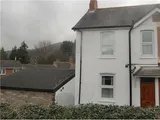 Abergavenny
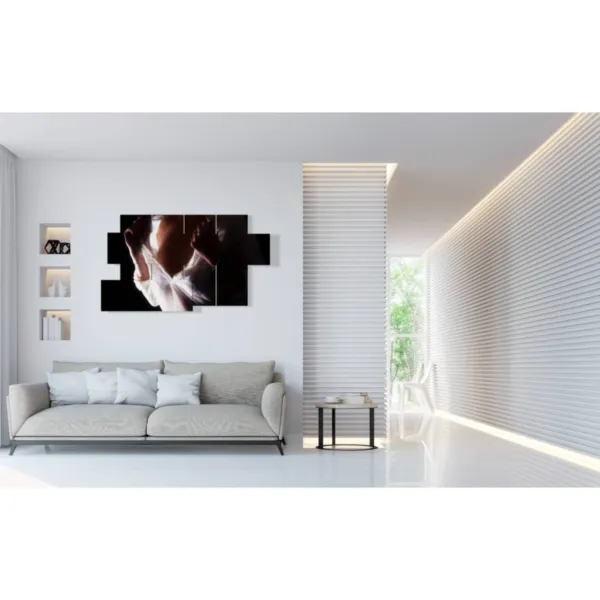 tableaux décoratifs sensuels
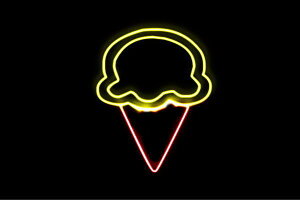 �l�I���@�A�C�X�N���[��9�@�\�t�g�N���[���@ICE CREAM�@�A�C�X�@�A�C�R���@�l�I�����C�g�@�d���@LED�@���C�g�@�T�C���@neon�@�Ŕ@�C���~�l�[�V�����@�C���e���A�@�X�܁@�l�I���T�C���@�A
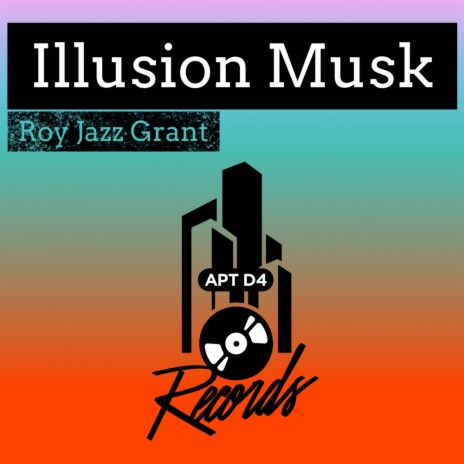 Illusion Musk (Original Mix) | Boomplay Music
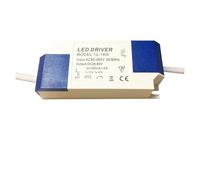 Luce LED blu DRIVER controller driver 3W5W7W12W18 watt isolato plafoniera faretto alimentatore(12-18W YH8 1 female)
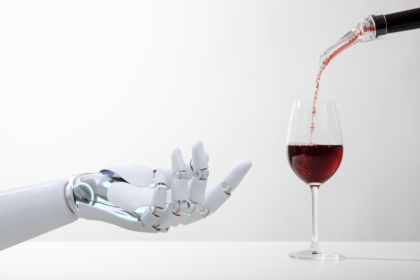How AI can improve wine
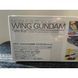 Збірна модель Bandai Wing Ver. Ka MG 1/100 (Mobile Suit Gundam Wing) - Gunpla HS000014 фото 13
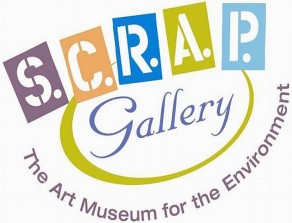 scrapgallery Logo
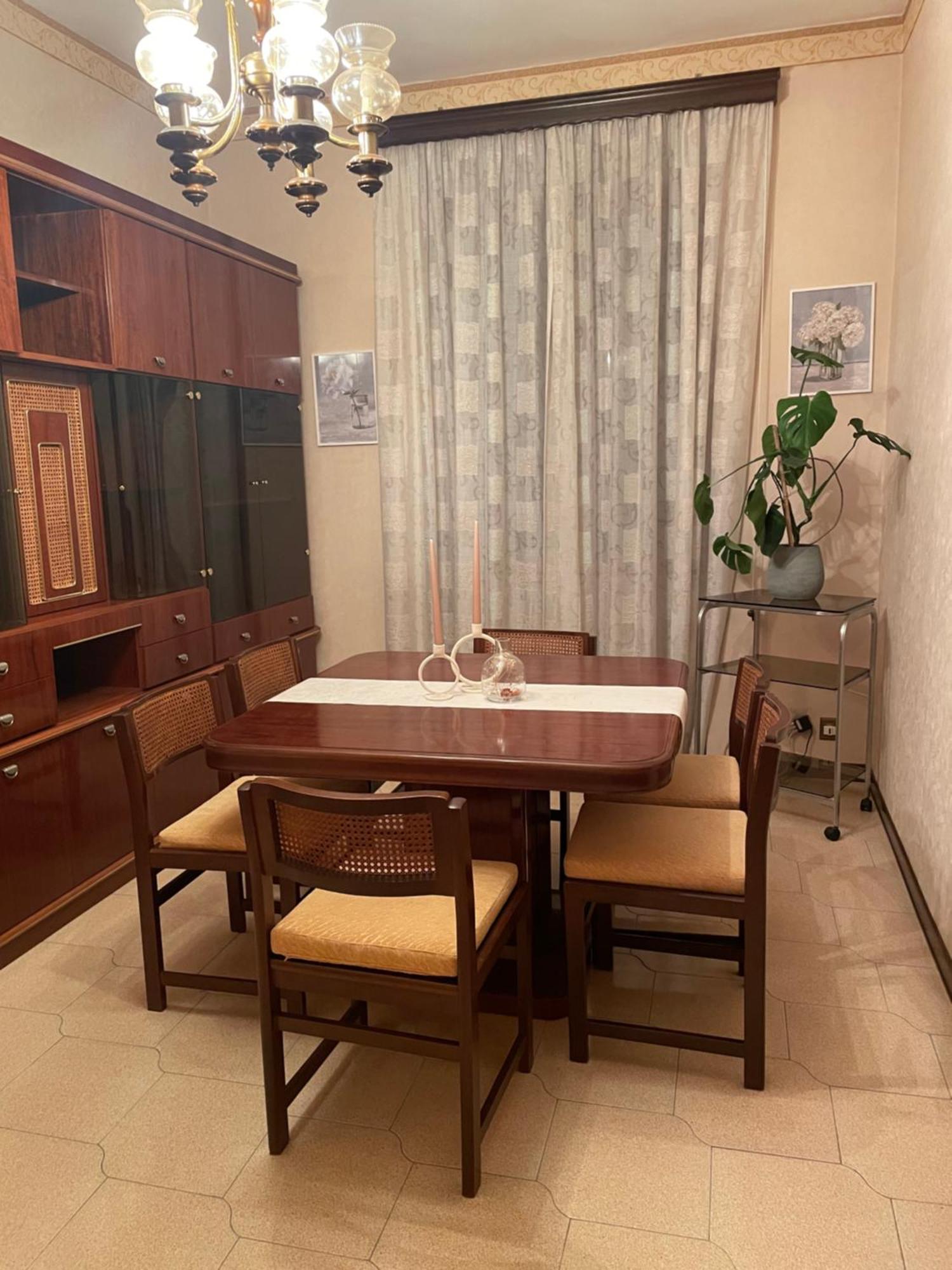 Casa Parsa Apartamento Roma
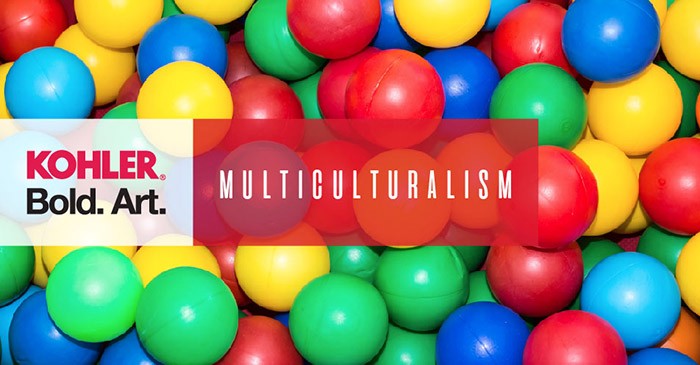 Exhibition on “Multiculturalism” held in Hanoi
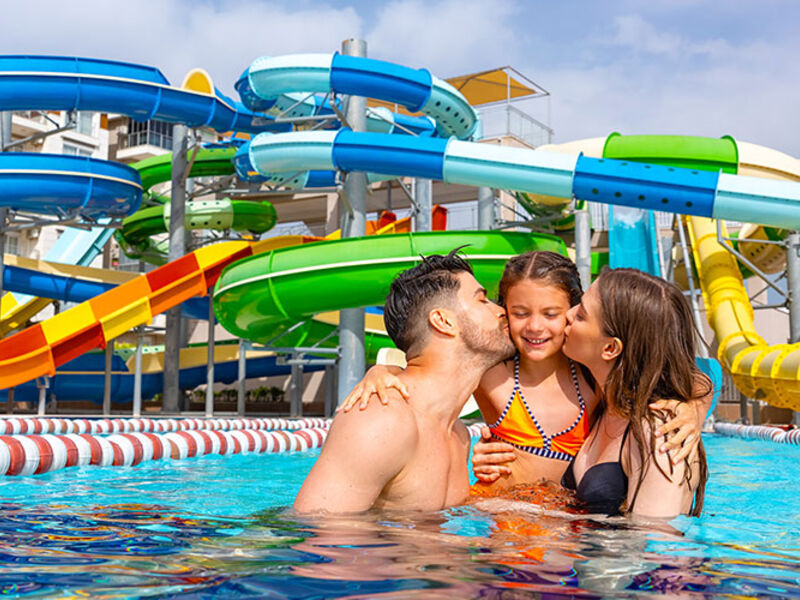 Greenwood Suites Resort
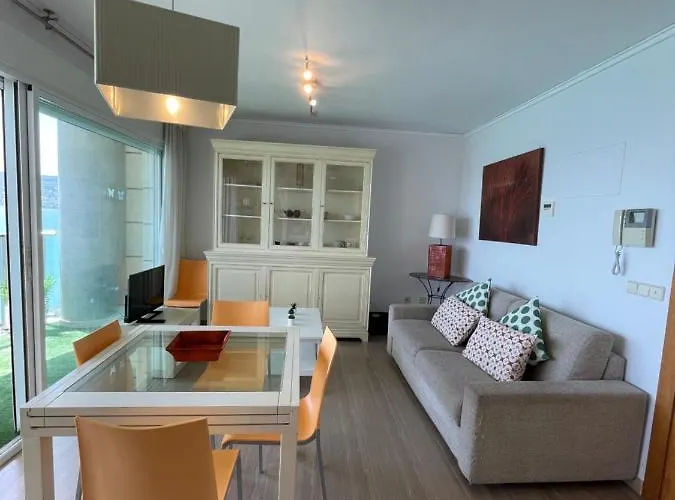 Holiday home Clp - Barlovento - 4p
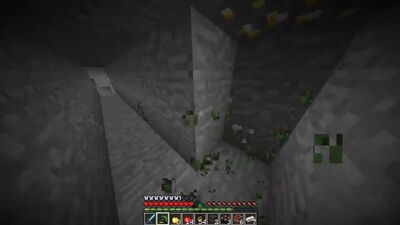 Аид [VyacheslavOO] НОВАЯ БЕДРОКОВАЯ КОРОБКА! ЧТО ТАМ БИТВА В БЕДРОКОВОЙ КОРОБКЕ! ЖИВЫМ ВЫЙДЕТ ТОЛЬК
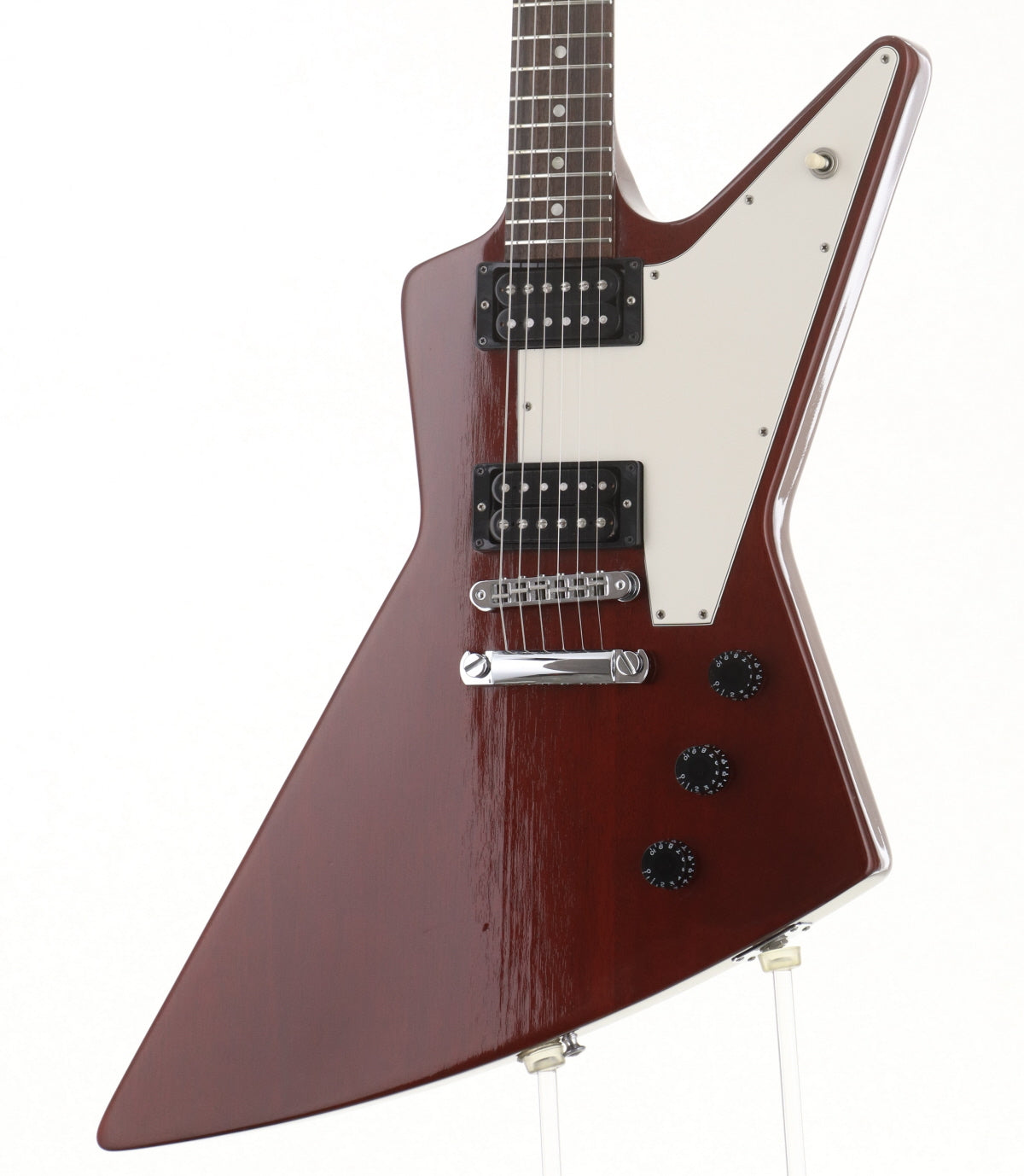 Gibson USA Explorer ギブソン エクスプローラー チェリーレッド 1995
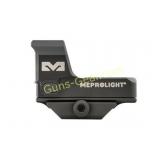MEPRO MPO-DF 3.5 MOA DOT RMR RD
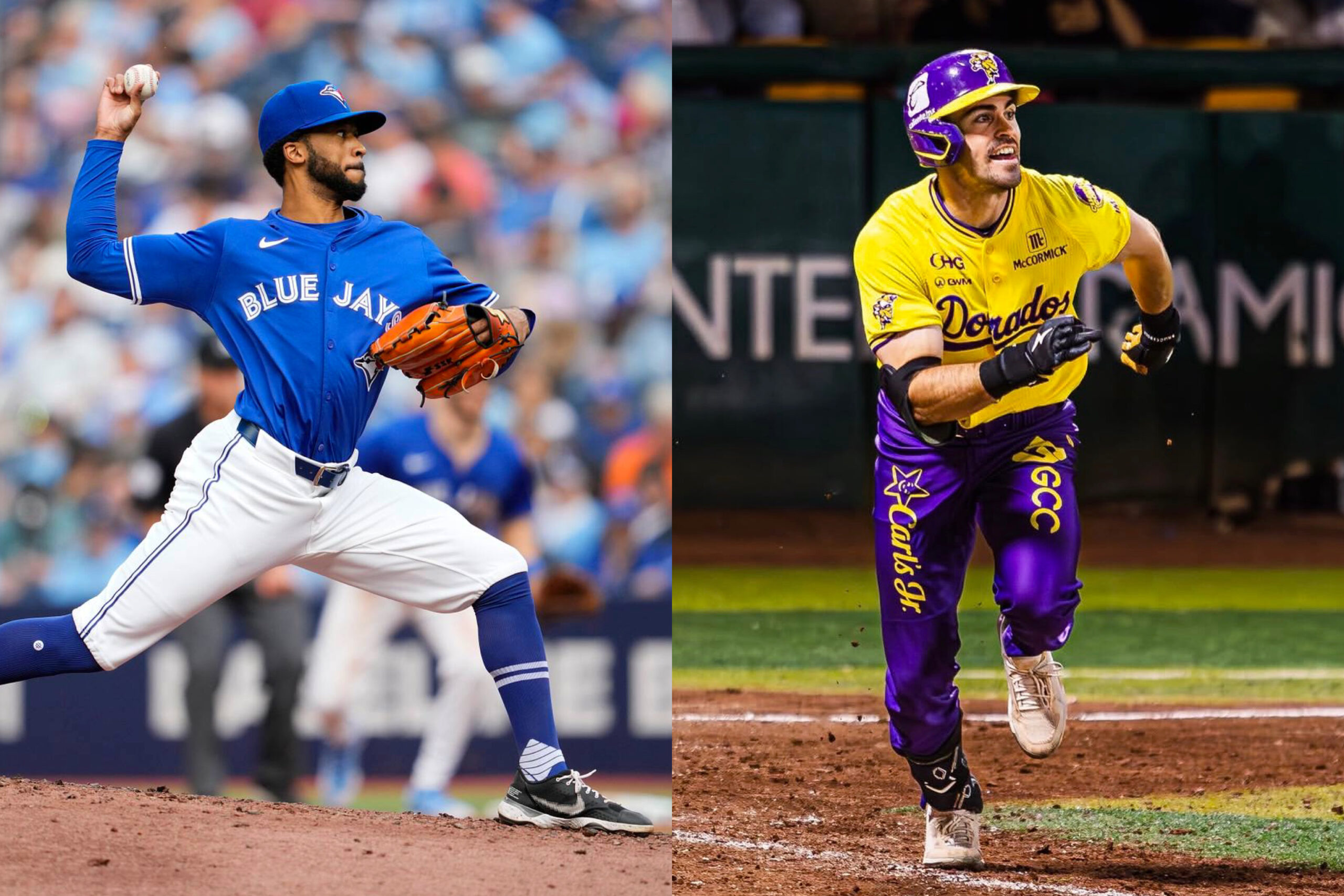 Magallanes suma dos nuevos importados - Agencia Carabobeña de Noticias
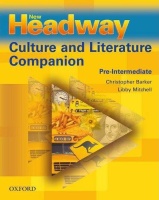 New Headway • Pre-intermediate Culture &...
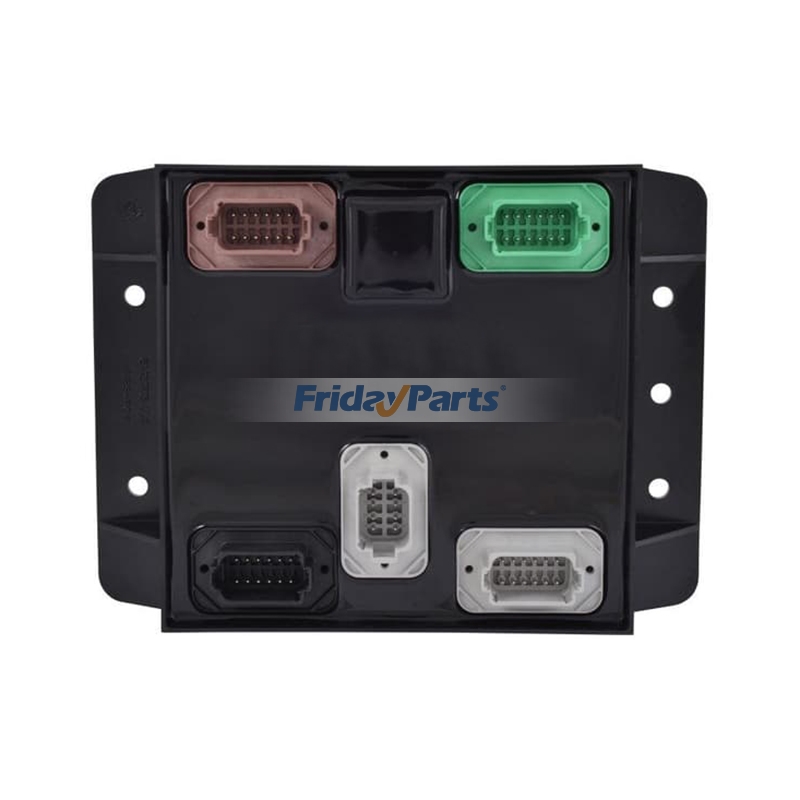 Control Module 1001227960 1001306077 for JLG Telescopic Boom Lift 1100SJ 1200SJP 1250AJP 1350SJP 1500AJP 1500SJ Premium Quality with 3-Year Warranty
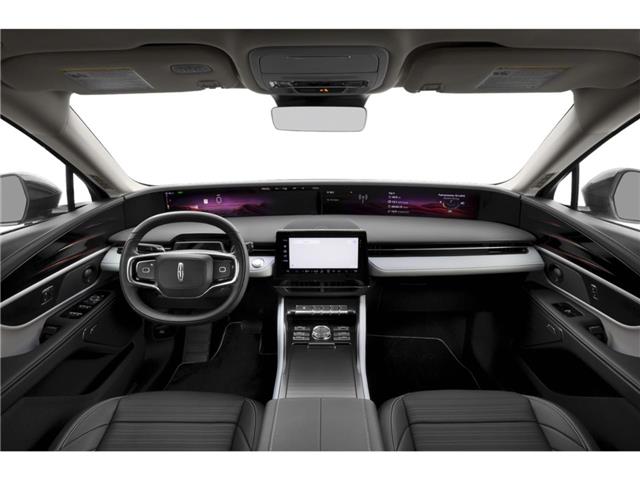 2026 Lincoln Nautilus Premiere (Stk: T-1738) in Calgary - Image 5 of 13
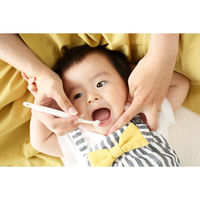 ピジョン ジェル状歯みがき いちご味 40g 1セット（2個入）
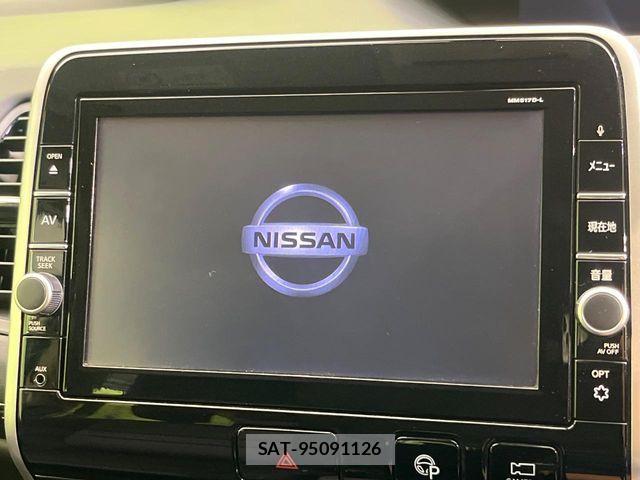 Nissan SERENA 2019-09 8882062-3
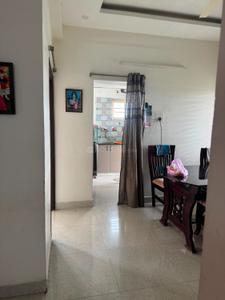 Kitchen Image of 1100 Sq.ft 2 BHK Apartment / Flat for sale in Chenchupet Tenali for Rs. 4000000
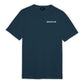 Icon Logo - Midnight Blue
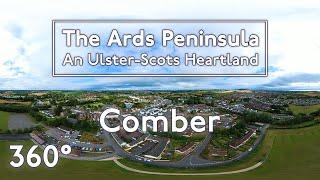 Comber - The Ards Peninsula: An Ulster-Scots Heartland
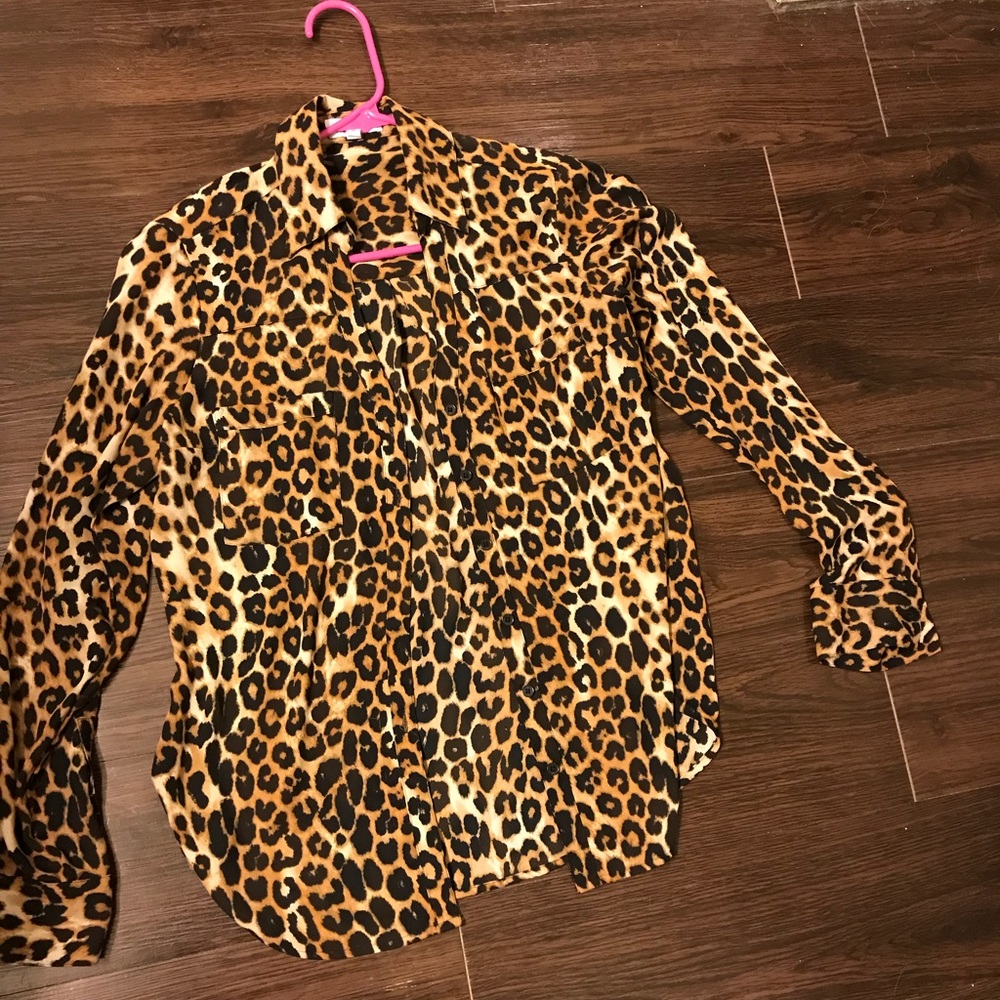 Express Portofino top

- - -

◆ **DESCRIPTION OF THE TASK**: Reproduce the listing exactly. The pictures are to be omitted.

◆ **RESULT OF THIS TASK**:
 Abergavenny
 tableaux décoratifs sensuels
 �l�I���@�A�C�X�N���[��9�@�\�t�g�N���[���@ICE CREAM�@�A�C�X�@�A�C�R���@�l�I�����C�g�@�d���@LED�@���C�g�@�T�C���@neon�@�Ŕ@�C���~�l�[�V�����@�C���e���A�@�X�܁@�l�I���T�C���@�A
 Illusion Musk (Original Mix) | Boomplay Music
 Luce LED blu DRIVER controller driver 3W5W7W12W18 watt isolato plafoniera faretto alimentatore(12-18W YH8 1 female)
How AI can improve wine
 Збірна модель Bandai Wing Ver. Ka MG 1/100 (Mobile Suit Gundam Wing) - Gunpla HS000014 фото 13
 scrapgallery Logo
 Casa Parsa Apartamento Roma
 Exhibition on “Multiculturalism” held in Hanoi
 Greenwood Suites Resort
 Holiday home Clp - Barlovento - 4p
 Аид [VyacheslavOO] НОВАЯ БЕДРОКОВАЯ КОРОБКА! ЧТО ТАМ БИТВА В БЕДРОКОВОЙ КОРОБКЕ! ЖИВЫМ ВЫЙДЕТ ТОЛЬК
 Gibson USA Explorer ギブソン エクスプローラー チェリーレッド 1995
MEPRO MPO-DF 3.5 MOA DOT RMR RD
 Magallanes suma dos nuevos importados - Agencia Carabobeña de Noticias
 New Headway • Pre-intermediate Culture &...
 Control Module 1001227960 1001306077 for JLG Telescopic Boom Lift 1100SJ 1200SJP 1250AJP 1350SJP 1500AJP 1500SJ Premium Quality with 3-Year Warranty
 2026 Lincoln Nautilus Premiere (Stk: T-1738) in Calgary - Image 5 of 13
 ピジョン ジェル状歯みがき いちご味 40g 1セット（2個入）
 Nissan SERENA 2019-09 8882062-3
 Kitchen Image of 1100 Sq.ft 2 BHK Apartment / Flat for sale in Chenchupet Tenali for Rs. 4000000
 Icon Logo - Midnight Blue
 Comber - The Ards Peninsula: An Ulster-Scots Heartland
 Express Portofino top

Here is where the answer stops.